Therefore, these tech advancements need to be accompanied by increasingly rigorous testing capabilities in order to achieve certainty that our systems are fail-safe. One testing framework referred to as LitmusChaos is considered one of the most advanced ways to detect potential risks and disruptions and guarantee what is known as high availability (HA).

So, why is HA so important, how can LitmusChaos experiments safeguard it, and how can this type of testing be implemented?

Let’s take a look.

What is High Availability?

High availability (HA) is a system’s ability to continue to deliver upon its key performance indicators (KPIs) even when failures occur. These failures can be internal to the application, in the connected services such as a database, in the container orchestrator, or in the infrastructure itself.
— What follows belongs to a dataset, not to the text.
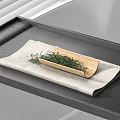 Stylish Tea Set Placed on Wooden Tray with Green Plants on Grey Countertop Near White Blinds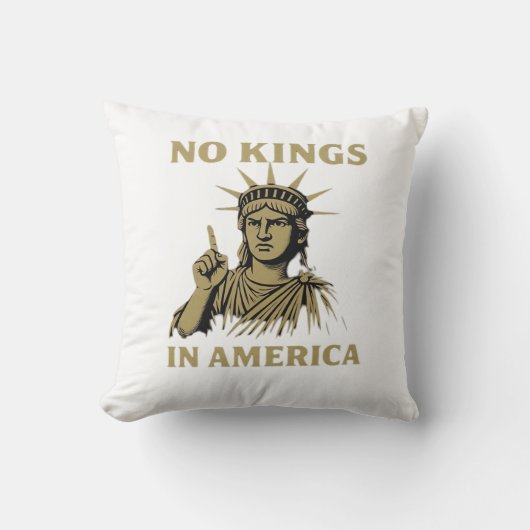 アメリカに王様はいらない No Kings Day 抗議の像 クッション (正面)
In order to abide by HA principles, a service or product must have a particular scale of uptime, meaning that it should be available 99.999% of the time. This is also known as 11 nines durability.
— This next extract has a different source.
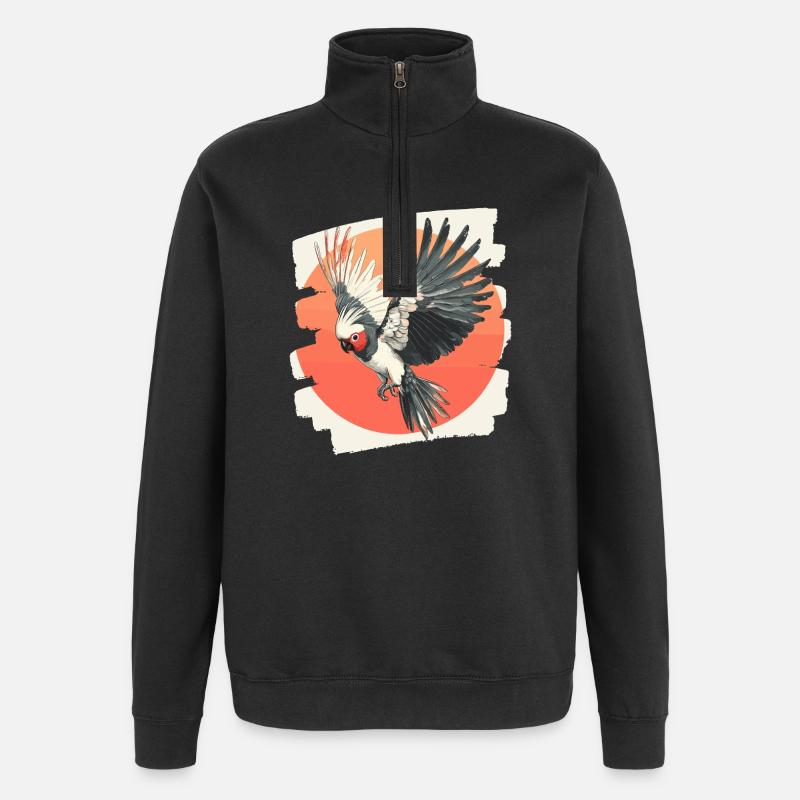 Cacatoès - Sweat à zip 1/4 - noir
This means that any system which needs to achieve a HA standard is required to be tested robustly before any kind of release can occur. However, even the best-laid test plans of mice and men will still leave bugs occurring on customer sites. This is where additional testing can be majorly beneficial to minimize issues, especially in disaster scenarios that are more difficult to replicate during a testing cycle.

What is LitmusChaos?

LitmusChaos is a framework that introduces ‘chaos’ into a system to purposefully disrupt the application, clusters, the underlying infrastructure, and even across cloud providers.

This disruption aims to challenge the system by dropping in potential scenarios for it to try and combat such as if the CPU or memory runs out, if one of the Kubernetes nodes or pods goes down, or if the disks on the Google Cloud Platform Virtual Machines disappear. Most importantly, it determines whether the system can still hit its KPI targets despite these disruptions.
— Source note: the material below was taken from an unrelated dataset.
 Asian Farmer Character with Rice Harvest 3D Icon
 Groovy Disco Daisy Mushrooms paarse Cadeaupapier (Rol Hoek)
LitmusChaos is made up of two core architectural pieces; the Chaos Control Plane and the Chaos Target Plane. The control plane is the central service that all the experiments are driven from and where the main Litmus operator is deployed. The Chaos Target Plane is the cluster(s) in which the experiments will run. These two planes communicate through the Litmus agent, instances of fault which are remotely inserted into each of the target locations.

How Does LitmusChaos Test an Application?

LitmusChaos utilizes two ‘flows’: the experiment flow and the observability flow. The first indicates how the ‘chaos’ is introduced into the system. The experiments begin by establishing the user inputs such as how many pods should be deleted, which nodes to cordon off, and how long the experiment should last.

The chaos workflow then begins on the Kubernetes cluster through the use of an Argo workflow, which facilitates a multi-step chaos ‘pipeline” where the ‘cluster disruptors’ are put in place, executed, and then removed from the system. Finally, post-chaos checks are performed to ensure that the desired state of chaos was reached.

The observability flow is focused on measuring the performance of the application to ensure that the KPIs are maintained or to provide proof where the system falters and doesn’t reach the HA capability. This is done by adding probes to the chaos experiment. These probes can take the form of HTTP requests, Kubernetes API commands, or metrics polling. The probes can be used individually or in combination to check HA at a single microservice granularity or on a system-wide scale.

For example, the Kubernetes probe can be used in a pod deletion chaos experiment to check for the existence of the service, to ensure that it is resilient, and will be restored in a certain amount of time. The HTTP probe can check if all the CPU or memory is used on the cluster and that the microservice will still accept incoming traffic. The metrics probe is useful for any service which has well-defined internal metrics to guarantee that it is achieving the desired throughput or latency needed to satisfy service level agreements for customers.

All of the workflows that make up the chaos test suite can be viewed within the Litmus Web Portal in the form of a user-friendly dashboard. This portal is hugely useful when debugging issues that arise within testing or while simply checking the test results.

LitmusChaos is the ideal form of testing that guarantees the robustness and resilience of our applications and products. A chaos-based test suite made up of several different experiments

focusing on service, cluster, and infrastructure allows each piece of a system to be tested in multiple ways. This variety of testing levels creates versatile systems that are highly available and able to weather the storm of potential disruption and chaos.

--

--